OCR output is currently not reliably validated for layout-aware proofreading use cases. For OCR records, segment metadata like bounding boxes and reading order are required by downstream proofreading UX, but payloads can be inconsistent or missing required structure. This causes incorrect display order and weak data quality at storage time.
Describe the solution you'd like
Add extraction-type-aware validation for extracted_text payloads:
- When extraction_type = "ocr":
- require per segment: bbox, type, reading_order, start, end, text
- enforce page-index rule: end == start + 1
- validate bbox structure and geometry
- enforce segment ordering via reading_order
- restrict type to approved OCR segment labels
- When extraction_type = "asr":
- keep existing ASR behavior
- do not make OCR-only fields mandatory
Also include unit and integration tests covering valid/invalid OCR payloads and ASR compatibility.
Describe alternatives you've considered
- Keep validation loose and let frontend handle bad OCR payloads.
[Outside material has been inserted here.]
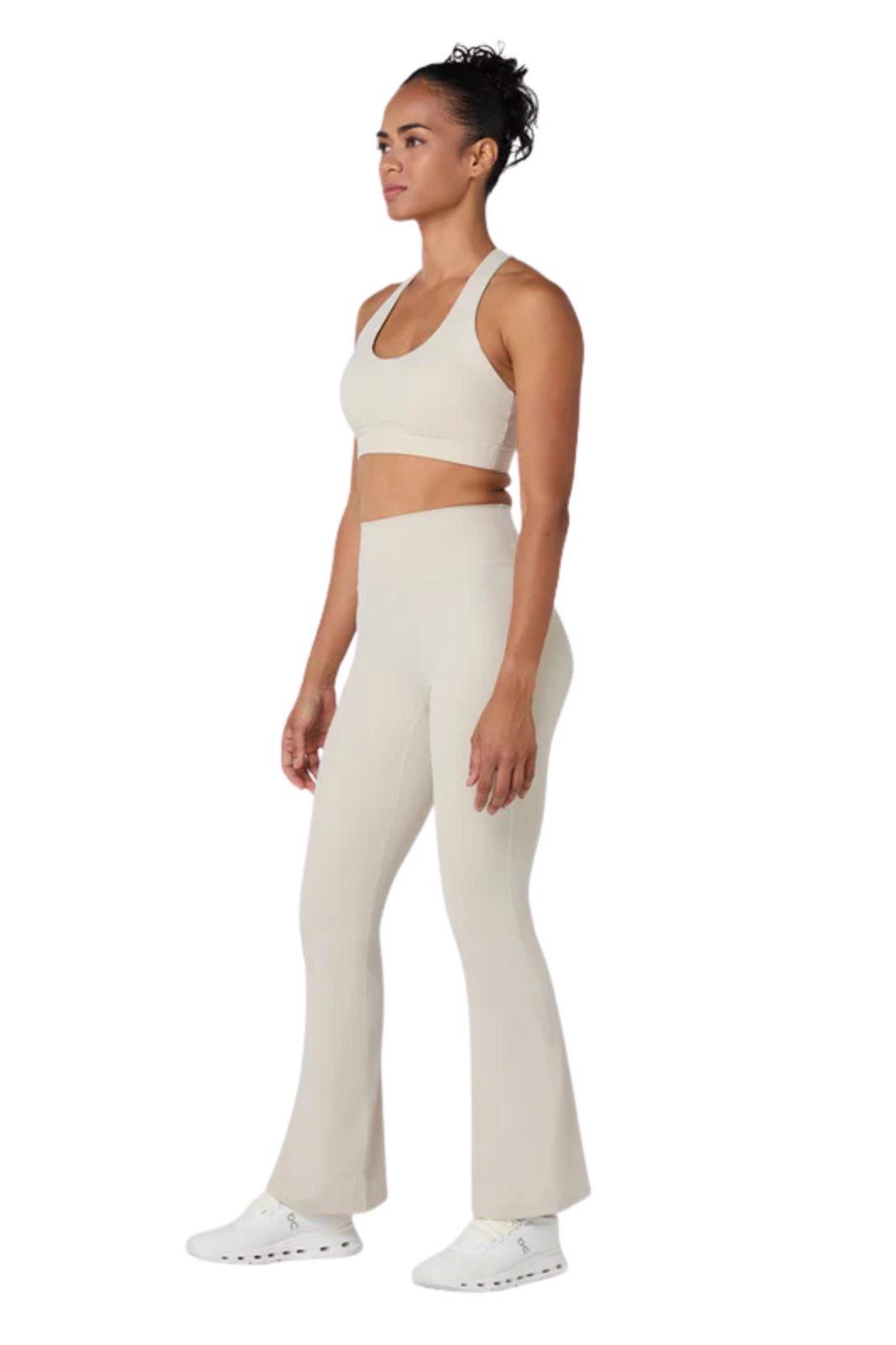 Women's - Core Agile Bra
Rejected: pushes data integrity issues to consumers and increases runtime failures.
- Introduce a new DB table for OCR segments. Rejected for now: larger migration and API contract change than needed.
- Apply OCR constraints to all extraction types. Rejected: would break ASR/caption/manual flows.
Additional context
- This is a backend validation/contract change only; no schema migration is required.
- Expected impact: better OCR data consistency, stable paragraph ordering, safer proofreading pipeline.